## Task
Write out the lines of the material below exactly, beginning at the line with "Used GAC Trumpchi" and stopping after the line with "Setup gamer con", and leave out the pictures.

## Data for processing
--------------------------------------------------

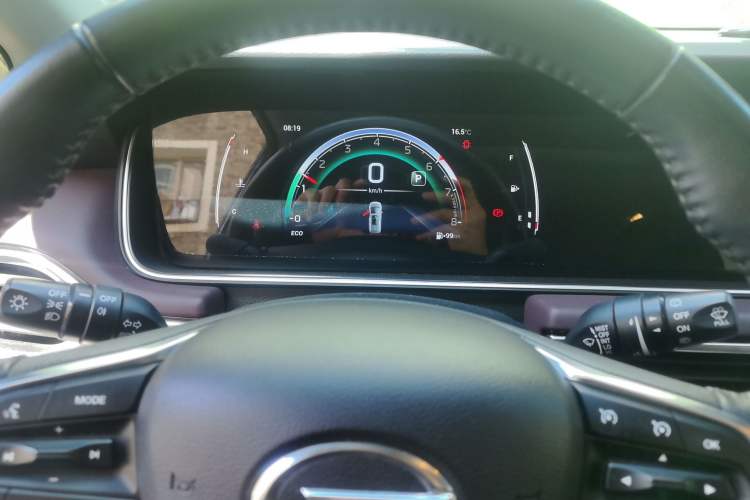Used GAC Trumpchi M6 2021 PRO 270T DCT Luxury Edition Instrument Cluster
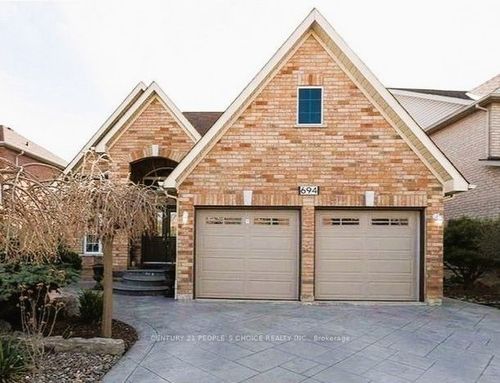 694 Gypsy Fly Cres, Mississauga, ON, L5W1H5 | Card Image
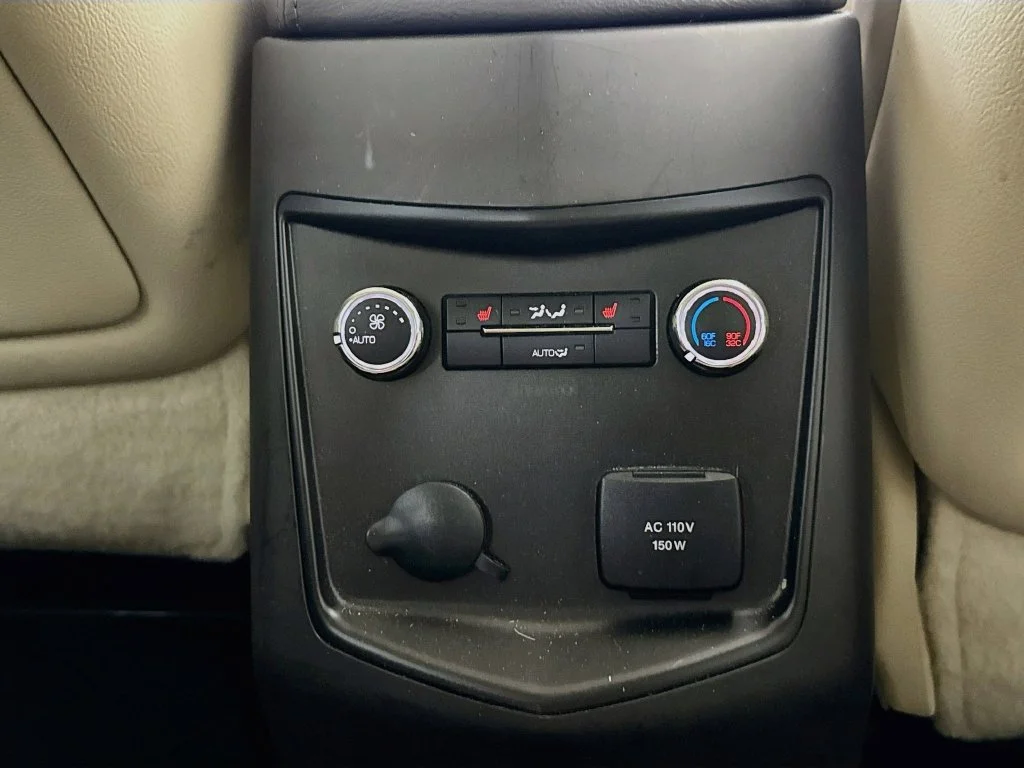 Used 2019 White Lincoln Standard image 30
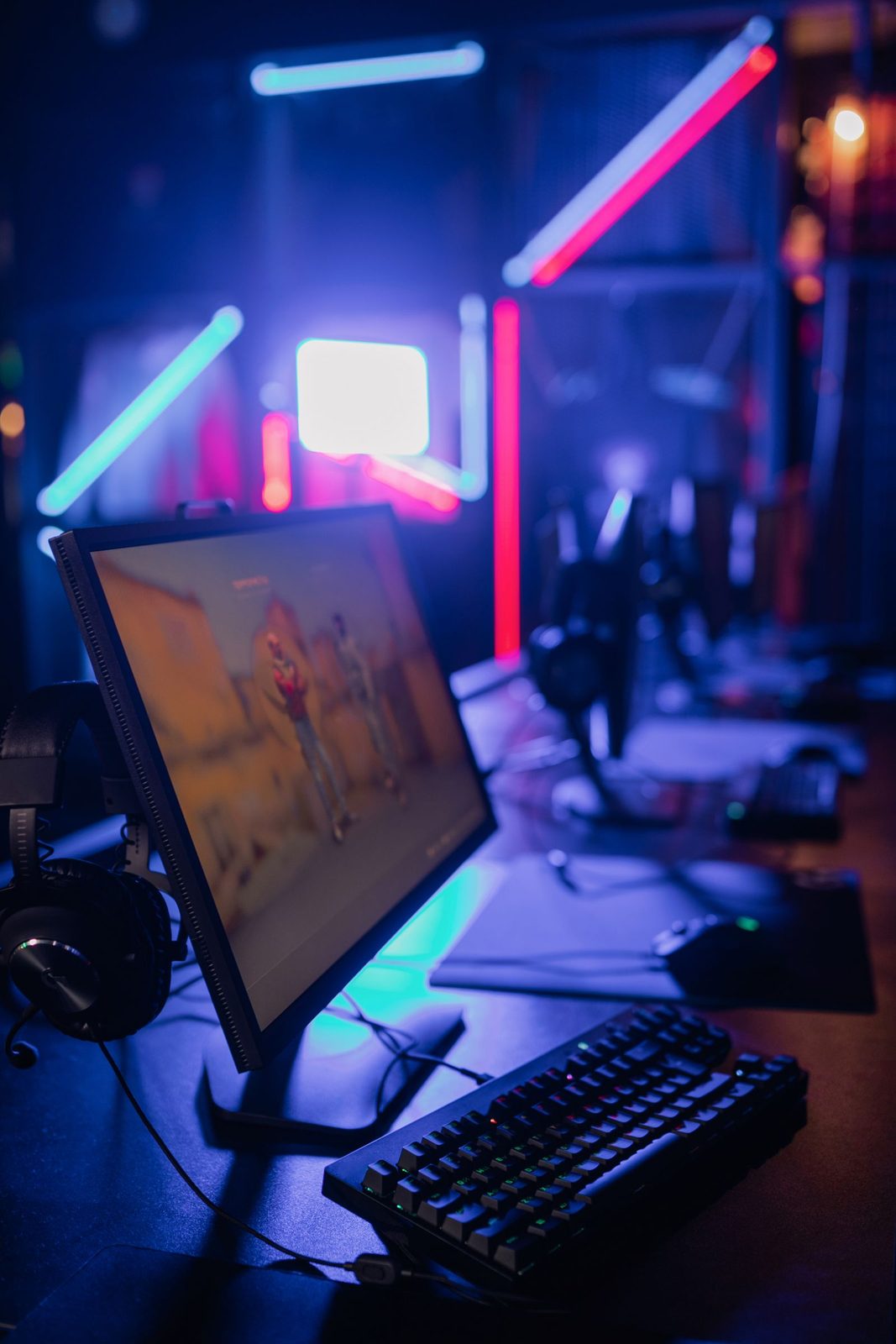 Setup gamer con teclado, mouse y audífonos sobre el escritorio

--------------------------------------------------

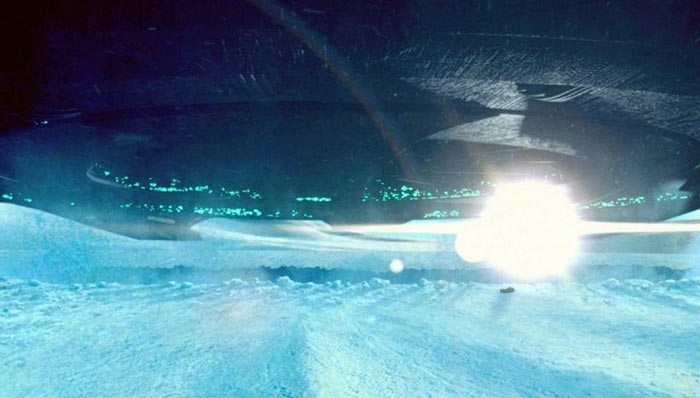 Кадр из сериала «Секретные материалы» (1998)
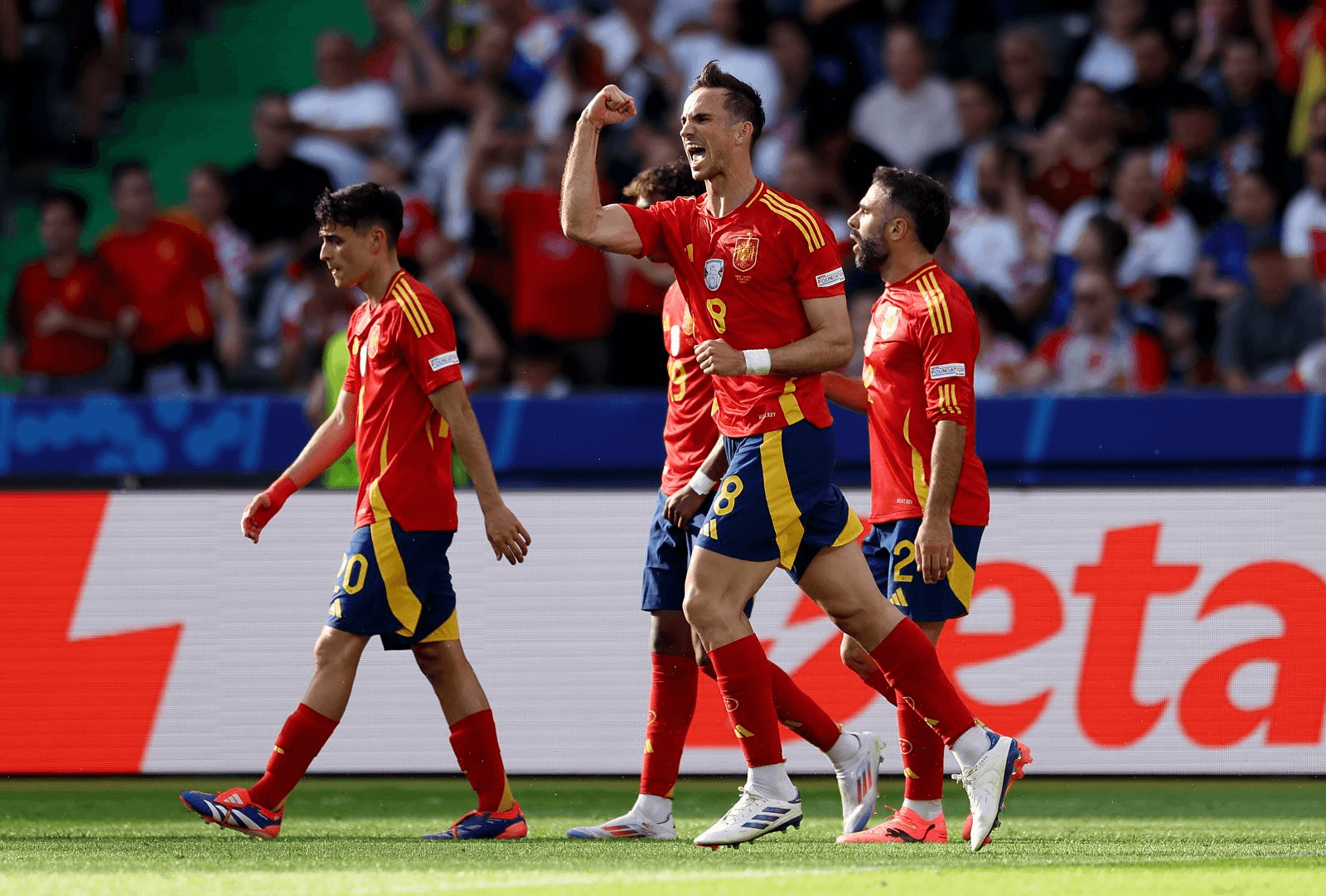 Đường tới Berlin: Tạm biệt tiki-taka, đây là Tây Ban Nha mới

--------------------------------------------------

## Expected answer
Used GAC Trumpchi M6 2021 PRO 270T DCT Luxury Edition Instrument Cluster
 694 Gypsy Fly Cres, Mississauga, ON, L5W1H5 | Card Image
 Used 2019 White Lincoln Standard image 30
 Setup gamer con teclado, mouse y audífonos sobre el escritorio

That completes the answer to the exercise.